= ASSIGNMENT =
Reproduce word for word the lines between those holding "Hi guys, welcome" and "Now that we", inclusive, and nothing else from the data below.

(Saved entries)
________

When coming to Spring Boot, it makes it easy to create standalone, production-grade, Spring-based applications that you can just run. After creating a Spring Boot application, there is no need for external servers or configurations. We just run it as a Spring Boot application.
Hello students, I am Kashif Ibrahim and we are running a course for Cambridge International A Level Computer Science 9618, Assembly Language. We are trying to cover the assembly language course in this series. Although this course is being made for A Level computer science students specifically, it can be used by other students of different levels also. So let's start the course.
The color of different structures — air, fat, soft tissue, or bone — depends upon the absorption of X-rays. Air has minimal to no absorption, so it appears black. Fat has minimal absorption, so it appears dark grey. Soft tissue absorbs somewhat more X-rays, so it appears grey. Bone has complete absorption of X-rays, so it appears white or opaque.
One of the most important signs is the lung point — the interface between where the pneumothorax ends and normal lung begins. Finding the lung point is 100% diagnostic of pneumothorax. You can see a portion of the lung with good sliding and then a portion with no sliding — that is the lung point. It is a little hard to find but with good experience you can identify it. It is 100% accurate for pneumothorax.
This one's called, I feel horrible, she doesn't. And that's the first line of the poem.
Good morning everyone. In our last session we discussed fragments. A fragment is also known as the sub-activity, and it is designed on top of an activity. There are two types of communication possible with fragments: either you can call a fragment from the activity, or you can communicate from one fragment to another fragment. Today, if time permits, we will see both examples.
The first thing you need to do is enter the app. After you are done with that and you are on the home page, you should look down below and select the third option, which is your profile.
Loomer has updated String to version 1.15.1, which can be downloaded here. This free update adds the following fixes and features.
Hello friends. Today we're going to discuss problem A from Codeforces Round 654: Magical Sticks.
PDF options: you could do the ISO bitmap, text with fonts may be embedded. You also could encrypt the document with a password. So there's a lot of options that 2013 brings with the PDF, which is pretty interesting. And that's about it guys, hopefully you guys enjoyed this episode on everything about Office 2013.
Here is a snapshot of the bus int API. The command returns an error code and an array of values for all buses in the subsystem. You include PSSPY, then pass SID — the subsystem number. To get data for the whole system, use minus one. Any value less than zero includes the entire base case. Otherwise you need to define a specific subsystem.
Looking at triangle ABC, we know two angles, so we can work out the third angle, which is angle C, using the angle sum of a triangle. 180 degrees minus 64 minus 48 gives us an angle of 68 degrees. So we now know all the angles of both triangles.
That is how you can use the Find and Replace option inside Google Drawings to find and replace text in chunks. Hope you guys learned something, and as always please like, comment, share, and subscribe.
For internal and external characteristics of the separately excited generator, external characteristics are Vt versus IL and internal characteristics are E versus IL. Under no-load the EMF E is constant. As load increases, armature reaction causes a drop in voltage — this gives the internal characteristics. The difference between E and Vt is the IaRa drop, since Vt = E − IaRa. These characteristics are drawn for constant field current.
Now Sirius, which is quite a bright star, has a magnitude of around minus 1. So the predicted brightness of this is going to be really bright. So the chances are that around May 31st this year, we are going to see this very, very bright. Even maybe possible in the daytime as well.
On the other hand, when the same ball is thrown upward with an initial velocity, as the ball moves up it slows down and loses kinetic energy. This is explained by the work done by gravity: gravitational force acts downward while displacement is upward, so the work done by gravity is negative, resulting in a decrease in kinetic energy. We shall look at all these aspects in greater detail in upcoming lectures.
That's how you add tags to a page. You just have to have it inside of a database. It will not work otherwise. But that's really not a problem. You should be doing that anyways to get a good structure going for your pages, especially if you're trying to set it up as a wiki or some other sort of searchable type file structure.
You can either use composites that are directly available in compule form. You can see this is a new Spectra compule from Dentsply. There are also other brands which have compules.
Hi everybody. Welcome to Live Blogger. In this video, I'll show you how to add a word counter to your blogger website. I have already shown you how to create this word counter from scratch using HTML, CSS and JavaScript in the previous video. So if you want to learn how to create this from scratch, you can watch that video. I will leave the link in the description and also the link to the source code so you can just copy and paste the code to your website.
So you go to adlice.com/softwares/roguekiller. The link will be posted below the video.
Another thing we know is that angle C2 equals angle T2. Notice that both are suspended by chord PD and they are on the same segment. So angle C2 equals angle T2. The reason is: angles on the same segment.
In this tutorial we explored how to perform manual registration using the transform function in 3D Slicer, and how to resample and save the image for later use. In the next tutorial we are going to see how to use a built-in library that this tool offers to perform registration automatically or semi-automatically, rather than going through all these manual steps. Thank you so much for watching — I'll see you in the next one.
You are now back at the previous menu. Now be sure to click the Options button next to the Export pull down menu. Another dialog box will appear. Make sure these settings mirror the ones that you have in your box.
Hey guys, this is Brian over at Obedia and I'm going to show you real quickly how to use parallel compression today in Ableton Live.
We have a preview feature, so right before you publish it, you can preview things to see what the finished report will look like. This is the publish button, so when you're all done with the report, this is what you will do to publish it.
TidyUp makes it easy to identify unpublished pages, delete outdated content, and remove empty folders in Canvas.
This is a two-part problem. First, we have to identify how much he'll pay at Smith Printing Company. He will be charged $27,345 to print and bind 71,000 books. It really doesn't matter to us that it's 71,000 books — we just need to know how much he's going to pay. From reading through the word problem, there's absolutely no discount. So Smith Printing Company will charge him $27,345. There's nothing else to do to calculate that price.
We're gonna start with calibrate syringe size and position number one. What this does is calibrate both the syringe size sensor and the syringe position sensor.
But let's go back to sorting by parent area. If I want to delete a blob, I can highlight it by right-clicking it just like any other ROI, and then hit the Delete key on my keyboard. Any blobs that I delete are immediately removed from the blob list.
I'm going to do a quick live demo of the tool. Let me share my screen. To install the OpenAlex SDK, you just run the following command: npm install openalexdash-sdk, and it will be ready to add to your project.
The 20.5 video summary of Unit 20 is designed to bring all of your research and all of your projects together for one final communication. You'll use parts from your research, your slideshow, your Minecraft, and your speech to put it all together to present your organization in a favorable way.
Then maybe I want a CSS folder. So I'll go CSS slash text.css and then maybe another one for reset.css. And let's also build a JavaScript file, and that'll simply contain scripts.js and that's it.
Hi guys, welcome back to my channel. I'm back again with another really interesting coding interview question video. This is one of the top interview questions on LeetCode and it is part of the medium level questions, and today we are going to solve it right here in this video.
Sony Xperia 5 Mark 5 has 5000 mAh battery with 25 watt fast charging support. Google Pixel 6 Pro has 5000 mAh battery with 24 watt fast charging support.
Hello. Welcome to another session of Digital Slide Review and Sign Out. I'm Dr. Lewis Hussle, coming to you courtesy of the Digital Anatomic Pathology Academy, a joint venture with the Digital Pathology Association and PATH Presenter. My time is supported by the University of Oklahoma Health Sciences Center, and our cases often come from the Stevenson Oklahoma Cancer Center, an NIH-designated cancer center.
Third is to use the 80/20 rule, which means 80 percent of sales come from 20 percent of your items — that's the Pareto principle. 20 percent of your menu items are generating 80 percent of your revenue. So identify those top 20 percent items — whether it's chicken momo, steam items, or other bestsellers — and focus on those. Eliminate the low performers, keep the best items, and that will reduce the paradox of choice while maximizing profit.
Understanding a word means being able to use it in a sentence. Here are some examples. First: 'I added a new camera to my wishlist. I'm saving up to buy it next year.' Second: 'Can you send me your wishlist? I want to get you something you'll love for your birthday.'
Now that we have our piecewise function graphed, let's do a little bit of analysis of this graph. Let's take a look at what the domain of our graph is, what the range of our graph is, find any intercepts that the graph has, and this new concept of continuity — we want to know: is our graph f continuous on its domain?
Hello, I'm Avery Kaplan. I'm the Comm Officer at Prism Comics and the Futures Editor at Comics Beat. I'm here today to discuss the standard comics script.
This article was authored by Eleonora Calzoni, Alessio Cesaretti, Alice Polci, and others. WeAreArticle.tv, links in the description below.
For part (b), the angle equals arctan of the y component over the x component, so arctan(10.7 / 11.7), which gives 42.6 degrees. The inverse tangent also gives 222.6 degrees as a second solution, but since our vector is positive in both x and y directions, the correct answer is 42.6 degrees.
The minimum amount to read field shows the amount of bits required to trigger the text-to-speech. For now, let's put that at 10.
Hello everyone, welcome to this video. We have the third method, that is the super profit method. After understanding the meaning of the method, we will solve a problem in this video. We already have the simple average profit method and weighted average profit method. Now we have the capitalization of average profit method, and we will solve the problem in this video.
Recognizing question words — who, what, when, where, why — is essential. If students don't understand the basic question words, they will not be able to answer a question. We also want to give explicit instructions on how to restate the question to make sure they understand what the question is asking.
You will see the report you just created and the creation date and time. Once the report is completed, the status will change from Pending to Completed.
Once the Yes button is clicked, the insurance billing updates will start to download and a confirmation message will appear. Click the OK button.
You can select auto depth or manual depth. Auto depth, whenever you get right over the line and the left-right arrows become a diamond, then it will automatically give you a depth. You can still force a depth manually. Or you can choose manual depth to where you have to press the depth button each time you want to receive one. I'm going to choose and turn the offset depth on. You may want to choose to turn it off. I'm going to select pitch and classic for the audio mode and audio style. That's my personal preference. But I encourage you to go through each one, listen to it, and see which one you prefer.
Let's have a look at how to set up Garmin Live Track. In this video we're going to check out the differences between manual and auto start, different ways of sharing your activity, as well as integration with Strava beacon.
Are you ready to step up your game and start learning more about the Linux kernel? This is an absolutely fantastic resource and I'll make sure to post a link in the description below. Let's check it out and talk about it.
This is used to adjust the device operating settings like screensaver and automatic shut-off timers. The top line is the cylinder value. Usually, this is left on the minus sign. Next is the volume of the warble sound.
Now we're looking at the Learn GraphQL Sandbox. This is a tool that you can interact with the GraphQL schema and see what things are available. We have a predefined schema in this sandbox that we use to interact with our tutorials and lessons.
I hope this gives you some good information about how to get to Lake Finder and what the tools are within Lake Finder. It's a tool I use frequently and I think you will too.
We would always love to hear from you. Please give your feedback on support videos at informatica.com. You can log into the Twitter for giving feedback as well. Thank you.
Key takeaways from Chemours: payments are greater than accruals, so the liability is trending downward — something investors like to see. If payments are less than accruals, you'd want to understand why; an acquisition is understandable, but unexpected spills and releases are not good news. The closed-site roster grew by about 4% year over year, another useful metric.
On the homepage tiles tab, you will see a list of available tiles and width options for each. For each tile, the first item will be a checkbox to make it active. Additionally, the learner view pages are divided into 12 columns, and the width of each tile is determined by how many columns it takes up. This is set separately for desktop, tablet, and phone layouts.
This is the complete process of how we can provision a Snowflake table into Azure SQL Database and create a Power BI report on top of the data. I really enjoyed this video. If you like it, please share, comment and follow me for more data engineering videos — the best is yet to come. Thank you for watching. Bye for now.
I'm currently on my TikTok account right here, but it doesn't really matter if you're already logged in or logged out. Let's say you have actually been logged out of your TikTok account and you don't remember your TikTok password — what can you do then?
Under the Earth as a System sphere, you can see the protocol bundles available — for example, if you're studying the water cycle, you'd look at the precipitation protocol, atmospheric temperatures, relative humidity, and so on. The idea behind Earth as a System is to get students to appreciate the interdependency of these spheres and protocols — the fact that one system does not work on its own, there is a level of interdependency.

________

= RESULT FOR THIS TASK =
Hi guys, welcome back to my channel. I'm back again with another really interesting coding interview question video. This is one of the top interview questions on LeetCode and it is part of the medium level questions, and today we are going to solve it right here in this video.
Sony Xperia 5 Mark 5 has 5000 mAh battery with 25 watt fast charging support. Google Pixel 6 Pro has 5000 mAh battery with 24 watt fast charging support.
Hello. Welcome to another session of Digital Slide Review and Sign Out. I'm Dr. Lewis Hussle, coming to you courtesy of the Digital Anatomic Pathology Academy, a joint venture with the Digital Pathology Association and PATH Presenter. My time is supported by the University of Oklahoma Health Sciences Center, and our cases often come from the Stevenson Oklahoma Cancer Center, an NIH-designated cancer center.
Third is to use the 80/20 rule, which means 80 percent of sales come from 20 percent of your items — that's the Pareto principle. 20 percent of your menu items are generating 80 percent of your revenue. So identify those top 20 percent items — whether it's chicken momo, steam items, or other bestsellers — and focus on those. Eliminate the low performers, keep the best items, and that will reduce the paradox of choice while maximizing profit.
Understanding a word means being able to use it in a sentence. Here are some examples. First: 'I added a new camera to my wishlist. I'm saving up to buy it next year.' Second: 'Can you send me your wishlist? I want to get you something you'll love for your birthday.'
Now that we have our piecewise function graphed, let's do a little bit of analysis of this graph. Let's take a look at what the domain of our graph is, what the range of our graph is, find any intercepts that the graph has, and this new concept of continuity — we want to know: is our graph f continuous on its domain?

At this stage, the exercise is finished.